▶ _AVAILABLE RECORDS_
——

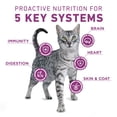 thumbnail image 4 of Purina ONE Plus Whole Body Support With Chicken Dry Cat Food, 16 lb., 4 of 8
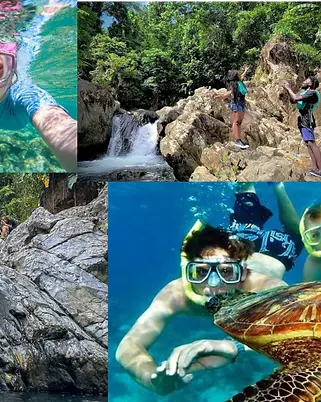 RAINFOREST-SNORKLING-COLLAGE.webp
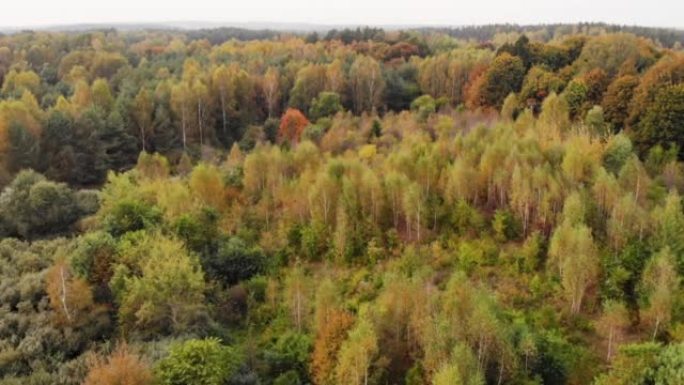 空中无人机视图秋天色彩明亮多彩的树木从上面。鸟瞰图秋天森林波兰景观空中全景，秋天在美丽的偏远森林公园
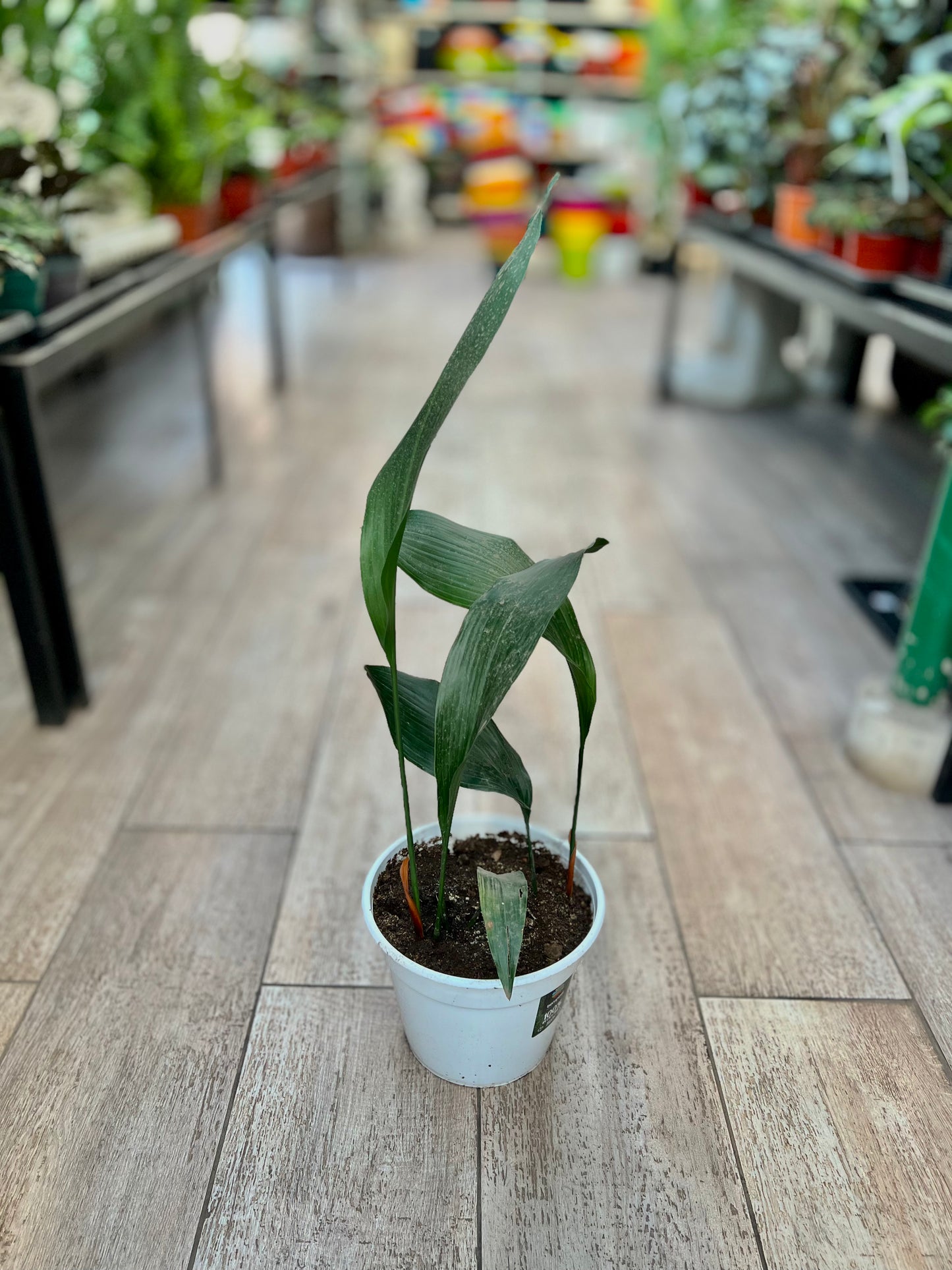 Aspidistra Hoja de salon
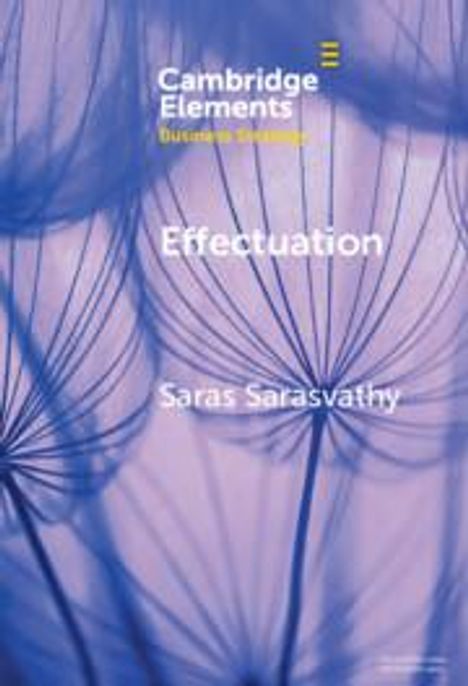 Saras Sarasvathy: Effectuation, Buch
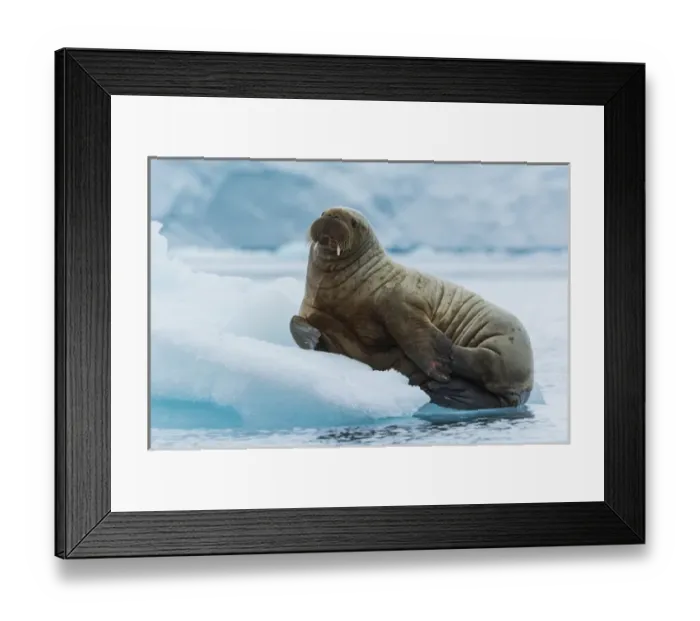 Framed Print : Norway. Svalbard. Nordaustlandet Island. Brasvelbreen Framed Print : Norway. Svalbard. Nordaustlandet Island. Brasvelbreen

——

▶ _TASK DETAILS_
Return the material above in exact form. Pictures stay out.

▶ _SOLVED EXERCISE_
 thumbnail image 4 of Purina ONE Plus Whole Body Support With Chicken Dry Cat Food, 16 lb., 4 of 8
 RAINFOREST-SNORKLING-COLLAGE.webp
 空中无人机视图秋天色彩明亮多彩的树木从上面。鸟瞰图秋天森林波兰景观空中全景，秋天在美丽的偏远森林公园
 Aspidistra Hoja de salon
 Saras Sarasvathy: Effectuation, Buch
 Framed Print : Norway. Svalbard. Nordaustlandet Island. Brasvelbreen Framed Print : Norway. Svalbard. Nordaustlandet Island. Brasvelbreen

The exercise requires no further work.